Inauthenticity involves pretending to be something other than one's "true self," which is often adopted when there are pressures to conform to the demands of others.

Consider the number of individuals who attend a church and claim to be members of a given denomination, but whose daily behavior routinely violates the moral imperatives of that religion - yet when confronted with their hypocrisy staunchly will staunchly deny it and find a crafty argument to resolve the conflict between professed beliefs and actual behavior.

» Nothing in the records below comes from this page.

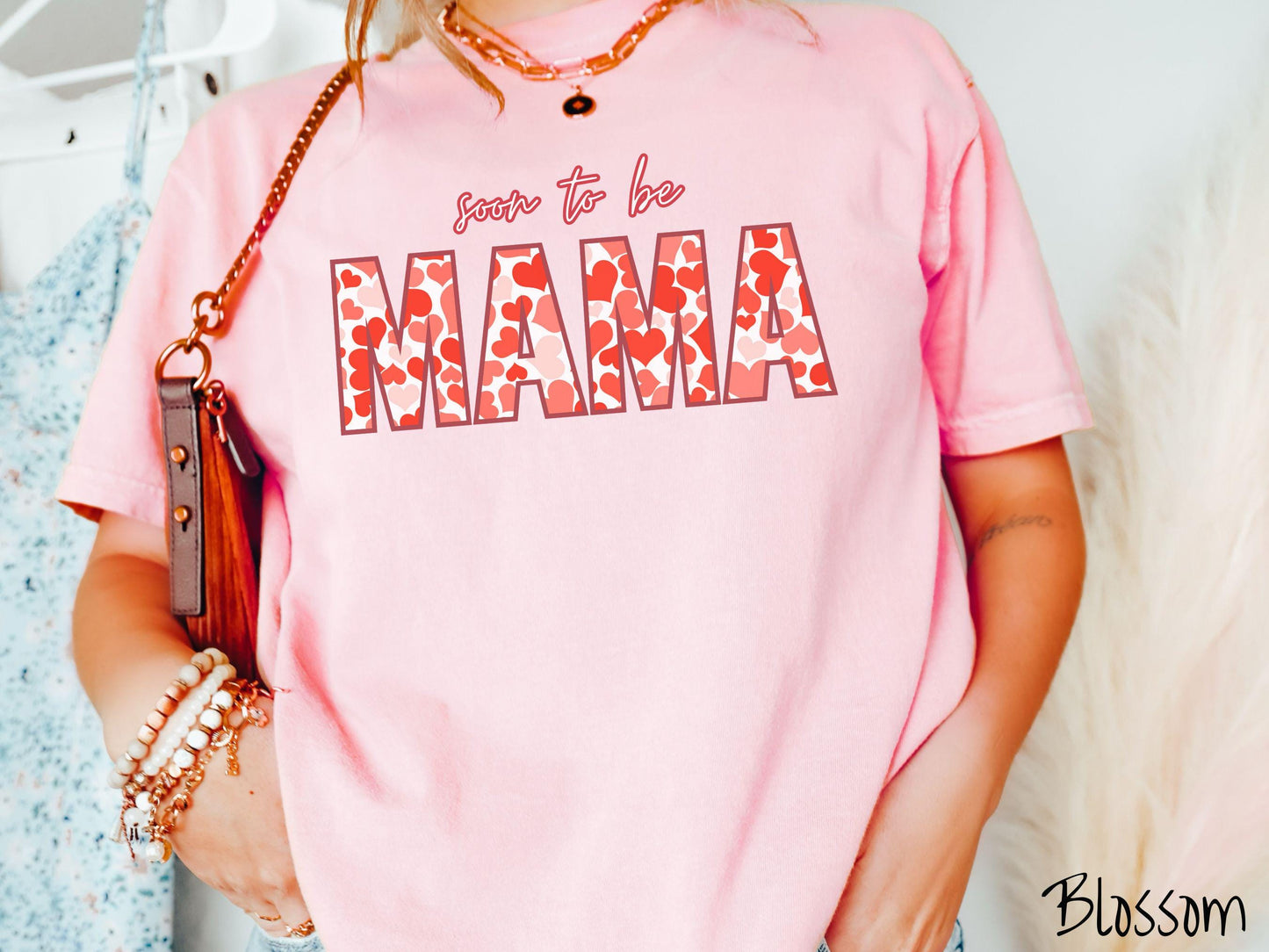 Celebrate your journey to motherhood with this vintage Comfort Colors t-shirt featuring the phrase “Soon to Be Mama” in bold red font, and the word “Mama” stands out in block letters filled with colorful hearts for a playful and charming touch.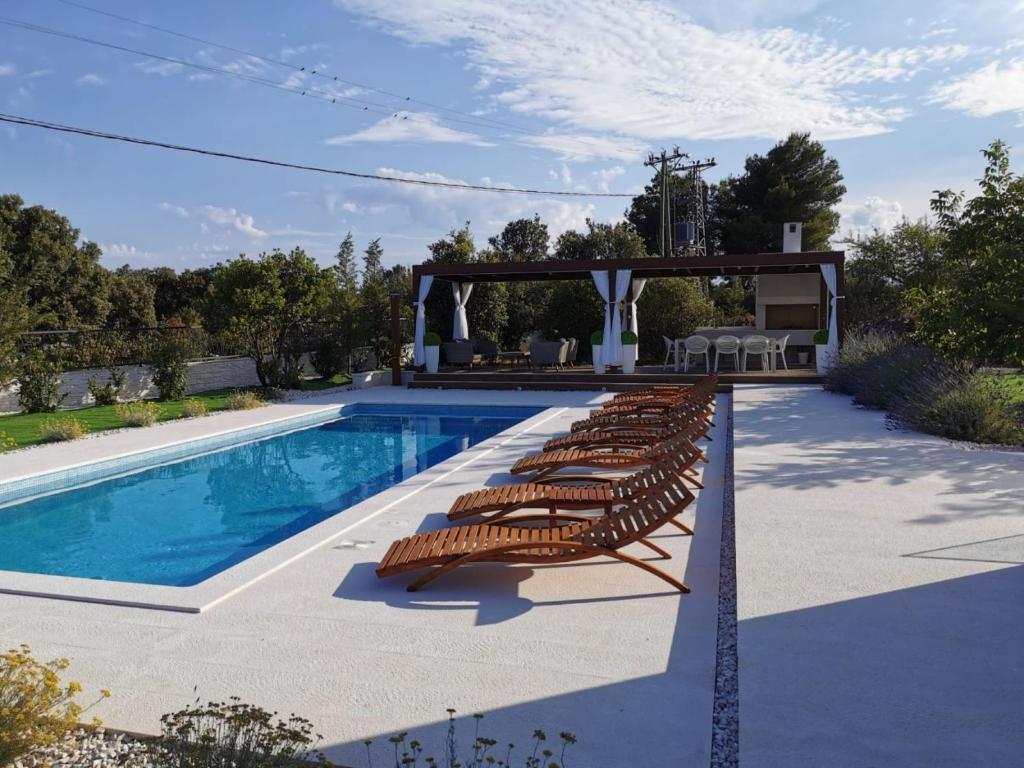 Bazén v ubytování Luxury Villa Reina nebo v jeho okolí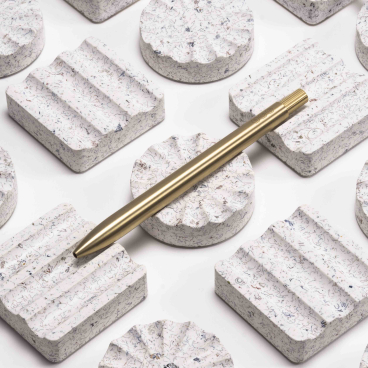 Ebonite terrazzo desk rests by AJOTO paired with sleek metallic pens, showcasing innovative design and craftsmanship.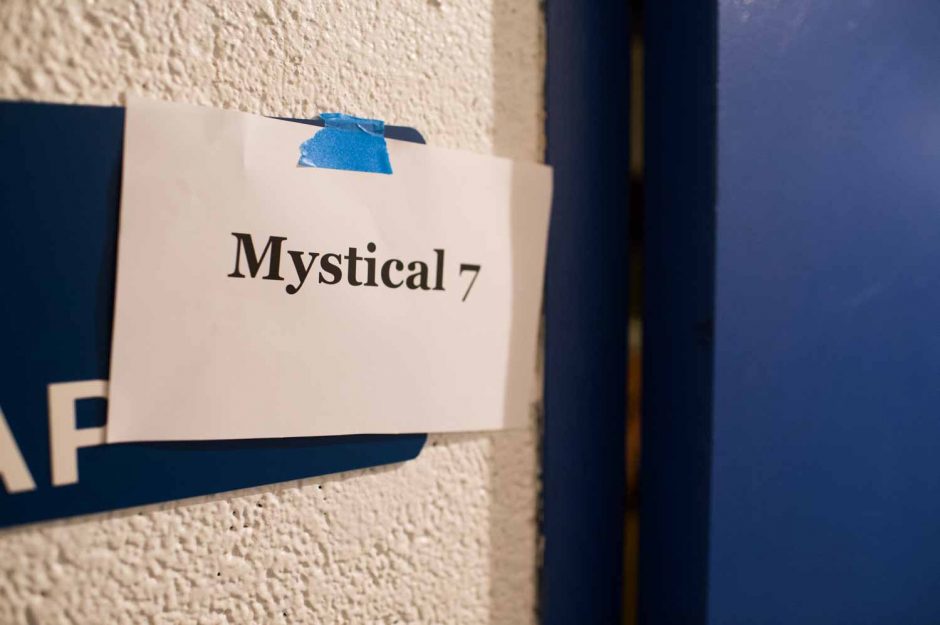 The members of Mystical Seven await their public reveal in the basement of Jesse Hall.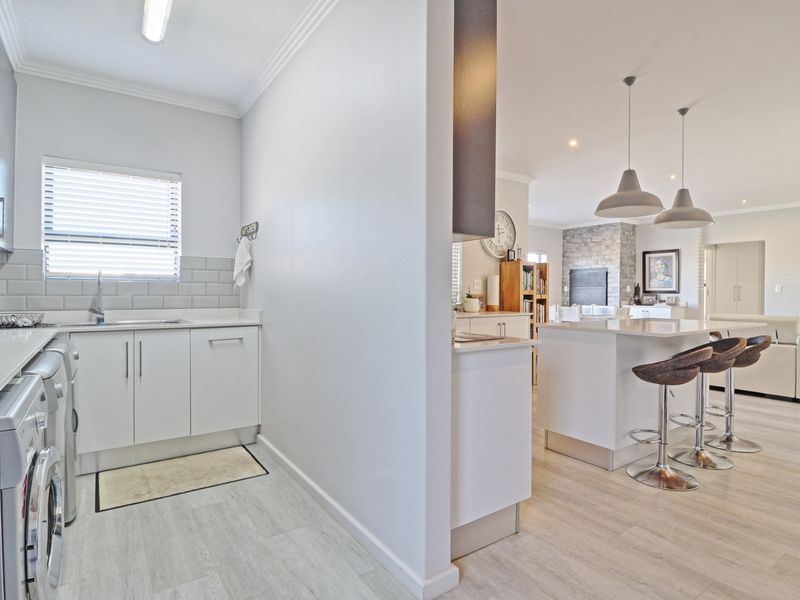 A functional scullery area featuring built-in cabinetry, subway tile backsplash, and a stainless steel sink, seamlessly connected to an open-plan kitchen and living space.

This demonstrates how widespread is the problem of inauthenticity.

Parental expectations, peer pressure, and media modeling may directly or indirectly convey an indication of what is demanded of a person and they seek to conform to a pattern of behavior that communicates acceptance of the role that others wish them to play, regardless of their natural inclinations.

(EN: This is a particularly difficult aspect of social interaction, particularly in an individualistic society: people will communicate by hints and intimations - and then, oddly, deny having done so and insisting that the person they were attempting to manipulate must have mistaken their intentions.)

Examples of inauthenticity abound: the teenager who behaves a certain way in order to be accepted among a group of people to which he wishes to belong, a junior executive who feigns an interest in golf because his peers and seniors are interested in the game, a woman who marries a man she doesn't love because she has the sense society expects her to marry by a certain age, etc.

The author references Jean-Paul Sartre, who addressed inauthenticity in his notion of "bad faith," and illustrates this with the example of a waiter who attempts to "act like" a waiter by certain behaviors, such as draping a towel over his arm. The fact that he waits tables makes him a waiter, and the towel over his arm has nothing to do with the satisfactory fulfillment of his duties - but because he has the sense that it is what waiters do, he conforms to unnecessary behaviors to fit his role.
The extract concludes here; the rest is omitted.